Un amendement au projet de loi sur les finances pour 2022, adopté en une fraction de secondes le 16 novembre dans un hémicycle déserté, dévitalise le jugement de la Cour administrative d’appel de Nancy, laquelle abrogeait pourtant l’autorisation de stockage pour une durée illimitée de Stocamine, considérant que la société des Mines de potasse d’Alsace (MDPA), liquidée en 2009, ne disposait pas des moyens financiers suffisants, ni même de la capacité technique, pour mener à bien les travaux de confinement des déchets.

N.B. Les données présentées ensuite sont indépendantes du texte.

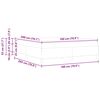 vidaXL Cama tipo Box Spring Marr&oacute;n Oscuro 180 x 200 cm tela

Ledit amendement n°II-3508, présenté le 6 novembre, prévoit en effet une garantie financière de 160 millions d’euros jusqu’en 2030 à la société des Mines de potasses d’Alsace (MDPA) chargée par l’État de gérer des déchets toxiques enfouis dans le coeur minier de sa filiale Stocamine.

3508

« Par dérogation » au Code de l’environnement, il prévoit notamment que le stockage « est autorisé pour une durée illimitée ».

42 000 tonnes de chrome, cyanure, arsenic, amiante et autres déchets toxiques resteront donc jusqu’à nouvel ordre enfouis à Wittelsheim, dans les galeries d’une ancienne mine de sel.

L’insuffisance d’actifs financiers constituait la principale réserve de la Cour nancéienne, mais pas la seule.

Comble de mépris et de morgue contre le principe même de séparation des pouvoirs, une assemblée nationale de godillots aux ordres, est donc désormais en situation de contourner une décision de justice !

Le gouvernement n’a donc pas même attendu la décision du Conseil d’État (qui lui a notamment donné raison sur toute sa politique sanitariste) , qu’il a lui-même saisi après l’arrêt de la cour administrative d’appel de Nancy annulant l’arrêté préfectoral autorisant l’enfouissement.

Le macronisme est décidément un théâtre d’ombre sans pareil pour déployer l’étendue de sa perversion politique. En témoigne les motifs gouvernementaux, qui incarnent l’arbitraire d’une puissance d’Ancien Régime : elle dispose du réel qu’elle façonne à sa guise.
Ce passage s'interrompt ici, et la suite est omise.